At least 10 people have been injured amid efforts by police to stop clashes between demonstrators and government supporters in the center of the Jordanian capital, Amman.
Police used batons on Friday to disperse people outside city hall, beating and injuring nine journalists.
The clashes took place after about 2,000 people, including Islamists and youth groups, marched from the city's Al-Husseini mosque to the city hall.
An Al Jazeera correspondent and several other journalists, including a Reuters cameraman, said they were attacked by police.
The wounded included an AFP photographer and a female activist.
Al Jazeera's Nisreen El Shamayleh, reporting from the scene of the clashes, said: "The protesters were attacked by riot police and public security personnel at the beginning of the sit-in that they were planning to hold at Al Nakheel Square.
"They weren't allowing the protesters to enter [the square] and that is when the clashes started.
"Only after the clashes began and several people were injured that they allowed people to [begin the sit-in]."
Fahim Karim, a New York Times reporter, was beaten by 10 policemen while a photographer who works for another international news agency said he was ordered by police not to shoot the scene.
Protesters' accounts
One protester told Al Jazeera: "During the march the security forces attacked us.
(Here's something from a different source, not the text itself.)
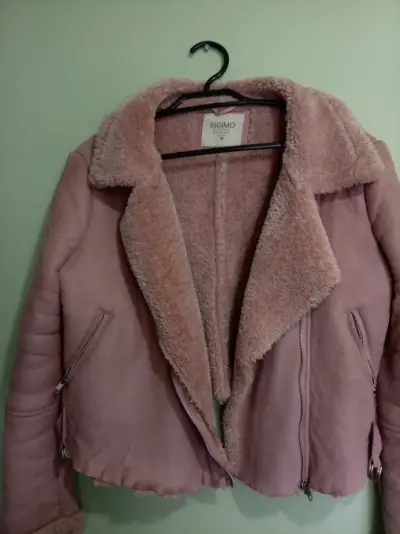 Chaqueta de gamuza rosa con forro de chiporro - miniatura 2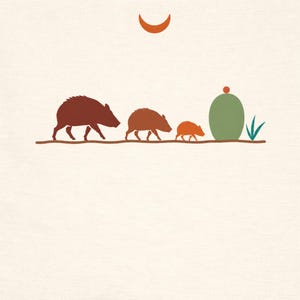 Javelina Family Shirt | Southwest Desert Wildlife Tee | Arizona Peccary T-Shirt | Desert Animal Lover Gift | Comfort Colors Tee image 3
We had to make for the women to escape the assault as one woman had already passed out.
Another said he was kicked in the stomach by one of the royal guards while trying to protect "the women in the march".
Besides Amman, rallies for reform and against "rampant corruption" also took place in Tafileh, Man and Karak in the country's south, and in Irbid and Jerash in the north.
Our correspondent said there is a definite feeling in Jordan that there is no serious motivation to implement real and true democratic reforms in the country.
Jordan has faced a protest movement demanding political and economic reforms and an end to corruption, since January.
Security forces have previously prevented demonstrators demanding the removal of the government, but not King Abdullah, who appoints the cabinet and has wide powers, from assembling at main squares.
The clampdown appears to have been prompted by fears of mass crowds as seen in Egypt and Tunisia where long-serving leaders were overthrown earlier this year.